Full skinny follows;
If running SC 3.2u3 or 3.2 Cluster core patch equal to or greater then 126105-36 (5.9) or 126106-36 (5.10) or 126107-36 (5.10 x86) the syntax for regenerating ccr checksums has changed.

Also, if running Solaris Cluster 3.2u2 or higher, the directory path /etc/cluster/ccr is replaced with /etc/cluster/ccr/global. The same applies if running Cluster core patch equal to or greater then 126105-27 (5.9) or 126106-27 (5.10) or 126107-27 (5.10 x86).



#ccradm
usage: ccradm subcommand args ...
where 'subcommand' is one of the following:
recover [-Z zoneclustername] [-f] [-o] ccrtablefile
replace [-Z zoneclustername] -i newdatafile ccrtablefile

addtab [-Z zoneclustername] ccrtablefile
remtab [-Z zoneclustername] ccrtablefile

addkey [-Z zoneclustername] -v value -k key ccrtablefile
changekey [-Z zoneclustername] -v value -k key ccrtablefile
delkey [-Z zoneclustername] -k key ccrtablefile
showkey [-Z zoneclustername] -k key ccrtablefile

Sun Cluster Maintenance Commands ccradm(1M)

NAME
ccradm - CCR table files administration command

SYNOPSIS
******

/usr/cluster/lib/sc/ccradm recover [-Z zoneclustername][-o] ccrtablefile

/usr/cluster/lib/sc/ccradm replace [-Z zoneclustername]-i newdatafile ccrtablefile

/usr/cluster/lib/sc/ccradm addtab [-Z zoneclustername]ccrtablefile

/usr/cluster/lib/sc/ccradm remtab [-Z zoneclustername]ccrtablefile

/usr/cluster/lib/sc/ccradm addkey [-Z zoneclustername]{-s value | -f file} -k key ccrtablefile

/usr/cluster/lib/sc/ccradm delkey [-Z zoneclustername]key ccrtablefile

/usr/cluster/lib/sc/ccradm changekey [-Z zoneclustername]{-s value | -f file} -k key ccrtablefile

/usr/cluster/lib/sc/ccradm showkey [-Z zoneclustername]-k key ccrtablefile

DESCRIPTION

The ccradm command supports administration of
Cluster Configuration Repository (CCR) information.
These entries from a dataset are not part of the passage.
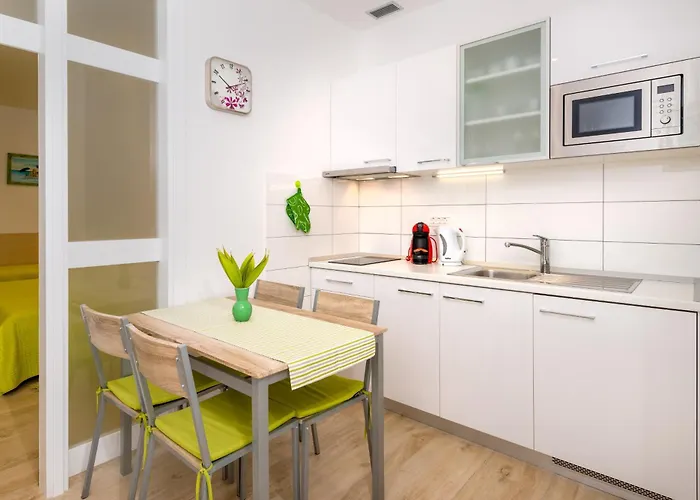Apartman Family-friendly With Swimming Pool Hvar - 22502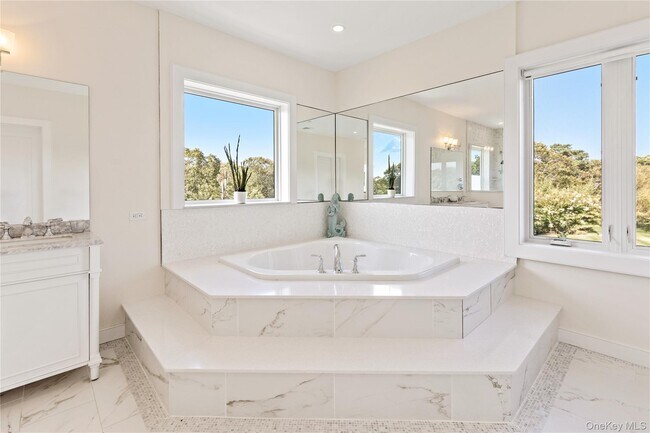 Building Photo - 89 Old Canoe Place Rd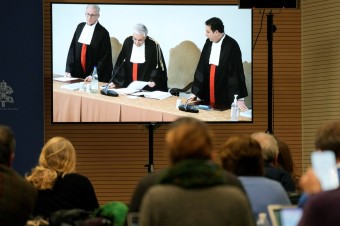 Pápež by sa mal zrieknuť najvyššej súdnej moci v mestskom štáte, navrhuje známy vatikanista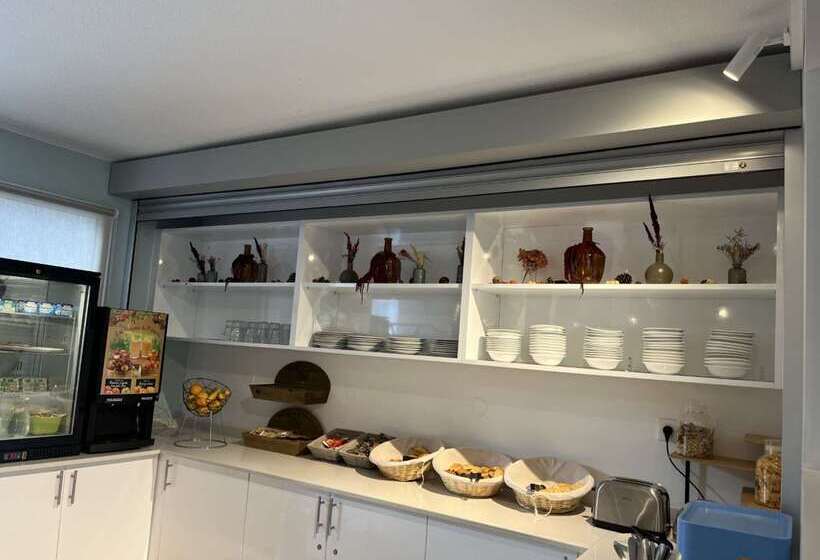 בית מלון כפרי Kyriad Direct Perpignan Nord Aéroport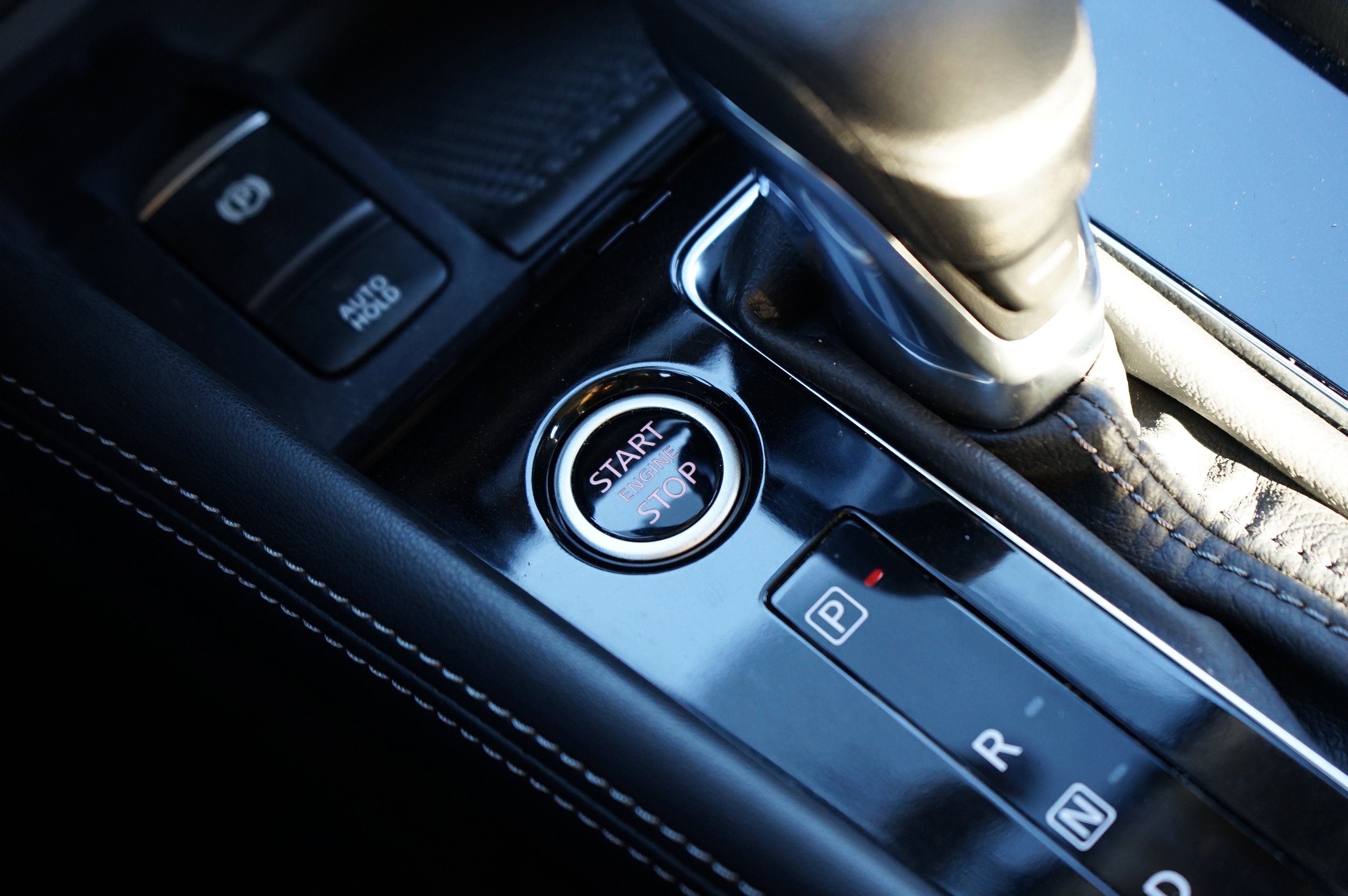 Used 2024 Nissan Kicks SR image 16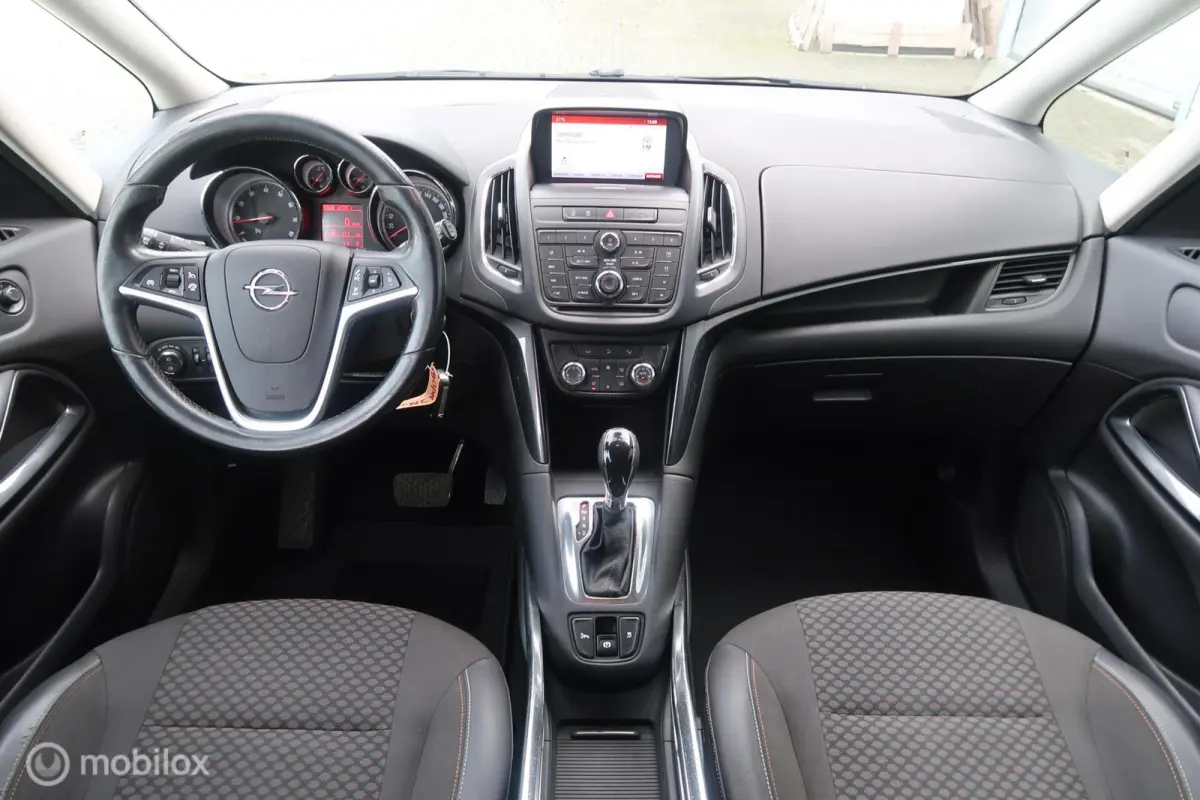 Tourer 1.4 Innovation 7p. AUTOMAAT, TREKHAAK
The CCR information all resides somewhere under /etc/cluster/ccr.
CCR information about the global cluster resides in the
directory /etc/cluster/ccr/global. CCR information about
a zone cluster "zoneclustername" resides in the directory
/etc/cluster/ccr/zoneclustername. CCR information should only
be accessed via the supported programming interfaces. The file
permissions are intentionally set to prevent direct access to
CCR information.

CCR information is stored in the form of a table, with one table
stored in its own file. Each line of the CCR table file consists
of two ASCII strings, where one is the key an the other is the value.
.
Each CCR file starts with a generation number, ccr_gennum,
and a checksum, ccr_checksum.

The ccr_gennum indicates the current generation number of the CCR table
file. The system manages the ccr_gennum. The highest number is the
latest version of the file. Two special values exist (refer to the
recover subcommand for more information).

The ccr_checksum indicates the checksum of the CCR table contents,
and provides a consistency check of the data in the table.
The system will not use a CCR table file with an invalid checksum.
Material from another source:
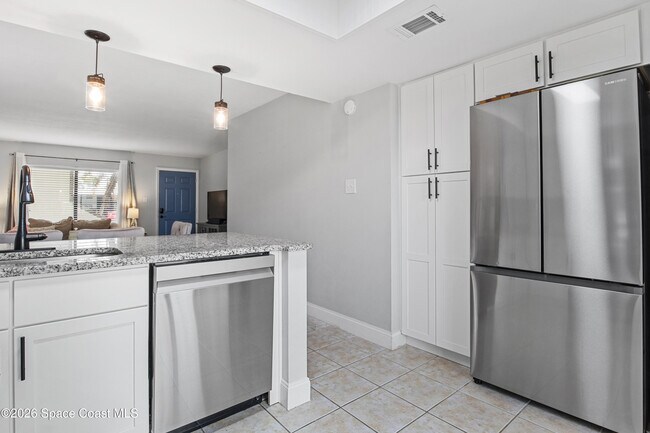 Building Photo - 1515 Huntington Ln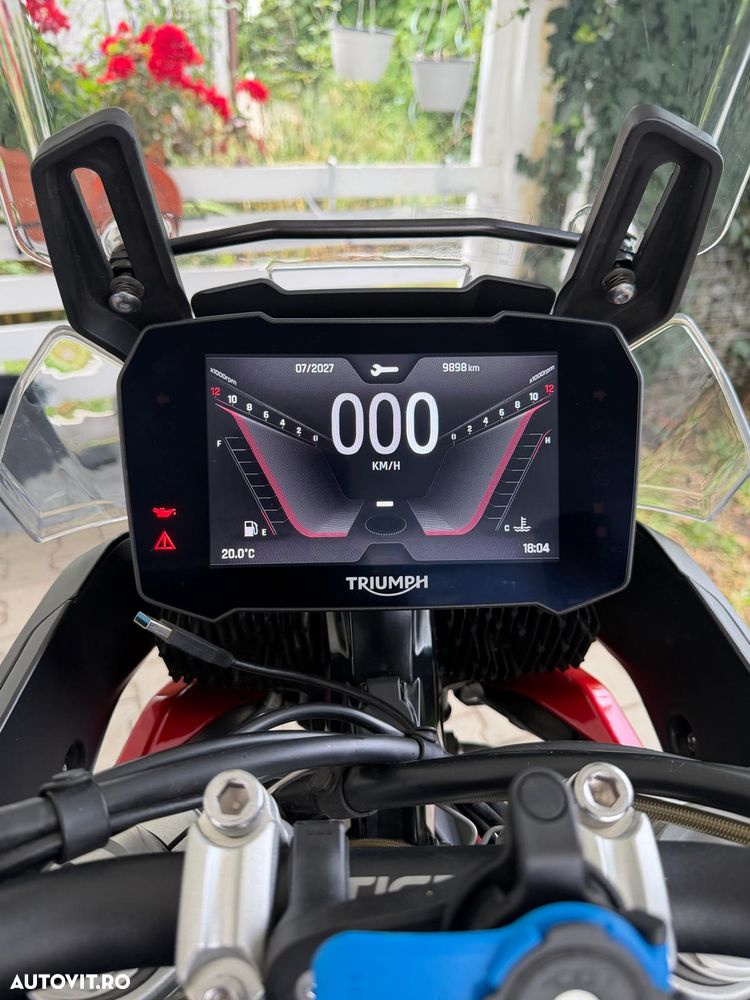 Triumph Tiger 900 - 8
"ccrtablefile" is the name of the file representing the CCR
table on the local node. When the "-Z" option is specified, the
ccrtablefile belongs to the specified zone cluster. When no "-Z" option
is specified, the ccrtablefile belongs to the global cluster. Note
that the global cluster and the zone clusters can all have
a ccrtablefile of the same name with different information.

SUBCOMMANDS
The following subcommands are supported:

<< note that the "recover" subcommand replaces "checksum" >>

recover
This option is only for use by engineers who are experts
on the internal operations of the CCR. This option supports
manual recovery operations. Normal users should not use
this option.

This option can be used only in non-cluster mode.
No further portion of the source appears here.